[SOURCE MATERIAL Boundary: Start]
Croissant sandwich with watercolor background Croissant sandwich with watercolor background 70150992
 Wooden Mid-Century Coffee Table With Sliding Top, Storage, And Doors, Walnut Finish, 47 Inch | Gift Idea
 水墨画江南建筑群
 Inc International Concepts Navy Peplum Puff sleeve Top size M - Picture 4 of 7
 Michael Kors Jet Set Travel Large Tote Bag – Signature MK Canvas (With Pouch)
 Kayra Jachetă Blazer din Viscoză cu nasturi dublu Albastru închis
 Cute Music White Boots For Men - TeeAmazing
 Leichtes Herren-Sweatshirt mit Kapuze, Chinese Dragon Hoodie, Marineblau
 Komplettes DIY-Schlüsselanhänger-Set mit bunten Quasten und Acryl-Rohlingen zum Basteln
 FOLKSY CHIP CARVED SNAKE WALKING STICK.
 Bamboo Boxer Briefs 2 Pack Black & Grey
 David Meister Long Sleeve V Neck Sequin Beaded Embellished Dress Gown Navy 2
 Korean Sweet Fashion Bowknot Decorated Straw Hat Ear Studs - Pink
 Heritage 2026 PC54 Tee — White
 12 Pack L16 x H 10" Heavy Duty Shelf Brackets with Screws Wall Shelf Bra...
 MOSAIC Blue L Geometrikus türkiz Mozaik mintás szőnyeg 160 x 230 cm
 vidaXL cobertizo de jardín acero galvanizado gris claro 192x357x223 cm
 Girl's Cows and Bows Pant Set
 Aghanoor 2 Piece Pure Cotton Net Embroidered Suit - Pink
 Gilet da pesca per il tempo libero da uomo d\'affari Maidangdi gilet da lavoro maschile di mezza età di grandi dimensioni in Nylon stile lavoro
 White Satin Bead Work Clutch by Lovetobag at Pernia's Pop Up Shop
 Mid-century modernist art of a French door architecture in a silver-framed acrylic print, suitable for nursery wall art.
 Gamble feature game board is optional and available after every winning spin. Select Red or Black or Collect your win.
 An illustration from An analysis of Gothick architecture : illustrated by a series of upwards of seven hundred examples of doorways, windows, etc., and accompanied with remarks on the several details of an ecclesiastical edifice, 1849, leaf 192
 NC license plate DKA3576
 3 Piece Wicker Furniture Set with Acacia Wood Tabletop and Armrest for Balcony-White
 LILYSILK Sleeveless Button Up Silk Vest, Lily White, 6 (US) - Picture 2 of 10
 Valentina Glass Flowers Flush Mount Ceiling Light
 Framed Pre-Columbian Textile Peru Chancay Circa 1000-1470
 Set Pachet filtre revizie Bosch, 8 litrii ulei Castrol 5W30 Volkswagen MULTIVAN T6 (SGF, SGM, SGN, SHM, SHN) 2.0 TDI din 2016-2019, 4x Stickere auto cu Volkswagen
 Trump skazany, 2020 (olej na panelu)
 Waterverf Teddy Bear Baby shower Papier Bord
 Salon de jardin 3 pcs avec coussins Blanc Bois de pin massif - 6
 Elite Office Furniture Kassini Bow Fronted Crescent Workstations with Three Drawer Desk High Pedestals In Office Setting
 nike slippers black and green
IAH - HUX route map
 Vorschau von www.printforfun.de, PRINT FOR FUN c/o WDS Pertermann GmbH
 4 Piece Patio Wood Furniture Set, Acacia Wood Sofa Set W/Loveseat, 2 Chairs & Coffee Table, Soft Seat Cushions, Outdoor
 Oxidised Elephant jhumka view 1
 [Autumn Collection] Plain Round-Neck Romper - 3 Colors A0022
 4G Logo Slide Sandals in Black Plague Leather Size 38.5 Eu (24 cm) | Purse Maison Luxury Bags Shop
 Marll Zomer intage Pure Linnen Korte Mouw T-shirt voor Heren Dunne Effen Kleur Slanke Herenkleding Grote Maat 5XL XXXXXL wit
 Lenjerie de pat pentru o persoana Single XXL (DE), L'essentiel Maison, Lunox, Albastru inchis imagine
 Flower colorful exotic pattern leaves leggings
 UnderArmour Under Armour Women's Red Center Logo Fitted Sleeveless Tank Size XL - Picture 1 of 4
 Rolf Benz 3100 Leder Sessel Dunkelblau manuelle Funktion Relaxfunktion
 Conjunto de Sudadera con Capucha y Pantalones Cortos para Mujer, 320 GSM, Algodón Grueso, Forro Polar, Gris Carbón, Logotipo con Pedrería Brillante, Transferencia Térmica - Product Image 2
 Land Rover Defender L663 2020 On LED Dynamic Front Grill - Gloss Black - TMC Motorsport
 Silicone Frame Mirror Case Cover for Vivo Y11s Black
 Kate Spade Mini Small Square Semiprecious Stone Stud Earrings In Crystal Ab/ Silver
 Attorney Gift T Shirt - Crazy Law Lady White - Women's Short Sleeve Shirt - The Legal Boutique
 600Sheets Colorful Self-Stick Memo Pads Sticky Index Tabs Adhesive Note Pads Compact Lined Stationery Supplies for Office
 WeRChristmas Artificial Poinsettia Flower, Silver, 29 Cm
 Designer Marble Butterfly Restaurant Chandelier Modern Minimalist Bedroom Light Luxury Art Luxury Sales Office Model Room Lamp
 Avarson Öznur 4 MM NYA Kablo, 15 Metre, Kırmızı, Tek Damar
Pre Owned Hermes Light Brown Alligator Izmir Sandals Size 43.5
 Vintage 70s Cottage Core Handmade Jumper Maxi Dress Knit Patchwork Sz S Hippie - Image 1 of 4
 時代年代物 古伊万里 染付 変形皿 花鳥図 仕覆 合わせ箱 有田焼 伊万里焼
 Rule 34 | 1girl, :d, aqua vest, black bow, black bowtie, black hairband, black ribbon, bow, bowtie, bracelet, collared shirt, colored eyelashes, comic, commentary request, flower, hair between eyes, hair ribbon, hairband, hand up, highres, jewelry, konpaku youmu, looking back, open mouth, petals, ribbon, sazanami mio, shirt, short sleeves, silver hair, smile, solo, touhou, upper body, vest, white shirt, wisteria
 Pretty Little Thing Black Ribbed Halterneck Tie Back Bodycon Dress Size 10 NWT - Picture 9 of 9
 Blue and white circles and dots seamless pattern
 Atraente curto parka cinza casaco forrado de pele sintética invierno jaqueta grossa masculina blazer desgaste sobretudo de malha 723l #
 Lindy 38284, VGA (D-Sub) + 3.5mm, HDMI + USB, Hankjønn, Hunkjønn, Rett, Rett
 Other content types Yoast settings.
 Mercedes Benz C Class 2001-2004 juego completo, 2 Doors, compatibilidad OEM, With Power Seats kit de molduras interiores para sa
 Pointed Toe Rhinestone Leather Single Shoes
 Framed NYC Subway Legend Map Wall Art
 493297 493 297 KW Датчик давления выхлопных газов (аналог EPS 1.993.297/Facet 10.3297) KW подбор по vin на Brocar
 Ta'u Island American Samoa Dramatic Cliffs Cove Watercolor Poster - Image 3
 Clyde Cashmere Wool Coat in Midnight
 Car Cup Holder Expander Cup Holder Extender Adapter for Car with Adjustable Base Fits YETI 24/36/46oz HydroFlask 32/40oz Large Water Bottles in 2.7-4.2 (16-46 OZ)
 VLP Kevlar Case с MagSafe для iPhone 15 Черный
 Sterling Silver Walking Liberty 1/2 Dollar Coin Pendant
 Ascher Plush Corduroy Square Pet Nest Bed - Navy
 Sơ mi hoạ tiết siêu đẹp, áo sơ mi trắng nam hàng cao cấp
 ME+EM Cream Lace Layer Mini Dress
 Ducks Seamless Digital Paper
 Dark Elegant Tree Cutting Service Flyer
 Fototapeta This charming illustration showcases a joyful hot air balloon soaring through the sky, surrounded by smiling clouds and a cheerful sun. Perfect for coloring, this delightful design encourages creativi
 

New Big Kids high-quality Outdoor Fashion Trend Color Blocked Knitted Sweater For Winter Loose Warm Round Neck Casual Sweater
[SOURCE MATERIAL Boundary: End]
→ **ASSIGNED TASK**
Output the lines of the records above exactly as they appear, from the line containing "Pre Owned Hermes" through the line containing "時代年代物 古伊万里 染付 変形皿 花鳥図 仕覆 合わせ箱 有田焼 伊万里焼".

→ **ANSWER TO THE PROBLEM**
Pre Owned Hermes Light Brown Alligator Izmir Sandals Size 43.5
 Vintage 70s Cottage Core Handmade Jumper Maxi Dress Knit Patchwork Sz S Hippie - Image 1 of 4
 時代年代物 古伊万里 染付 変形皿 花鳥図 仕覆 合わせ箱 有田焼 伊万里焼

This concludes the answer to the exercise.